* INPUT:
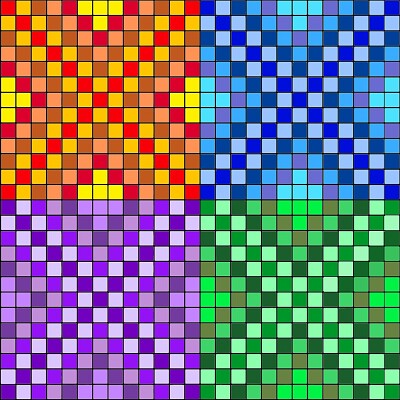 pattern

...

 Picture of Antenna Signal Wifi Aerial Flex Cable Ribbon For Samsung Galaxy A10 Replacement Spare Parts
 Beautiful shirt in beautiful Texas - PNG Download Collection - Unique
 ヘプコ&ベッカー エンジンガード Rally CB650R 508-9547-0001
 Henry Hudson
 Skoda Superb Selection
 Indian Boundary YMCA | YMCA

--

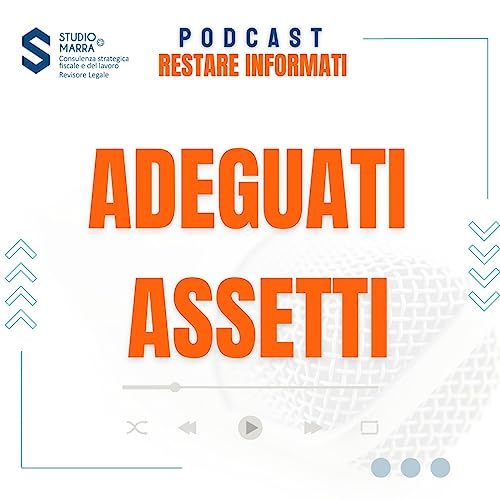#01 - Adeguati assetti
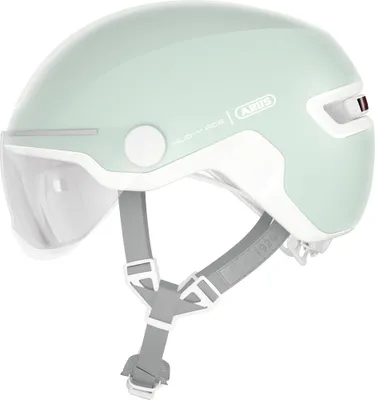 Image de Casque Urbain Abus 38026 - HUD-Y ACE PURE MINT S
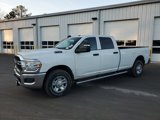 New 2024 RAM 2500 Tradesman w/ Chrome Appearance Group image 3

* PROBLEM DETAILS:
The reply should hold only the lines of the listing above starting at the line containing "Beautiful shirt in" and ending at the line containing "Indian Boundary YMCA | YMCA", exactly as written.

* SOLUTION TO THIS EXERCISE:
 Beautiful shirt in beautiful Texas - PNG Download Collection - Unique
 ヘプコ&ベッカー エンジンガード Rally CB650R 508-9547-0001
 Henry Hudson
 Skoda Superb Selection
 Indian Boundary YMCA | YMCA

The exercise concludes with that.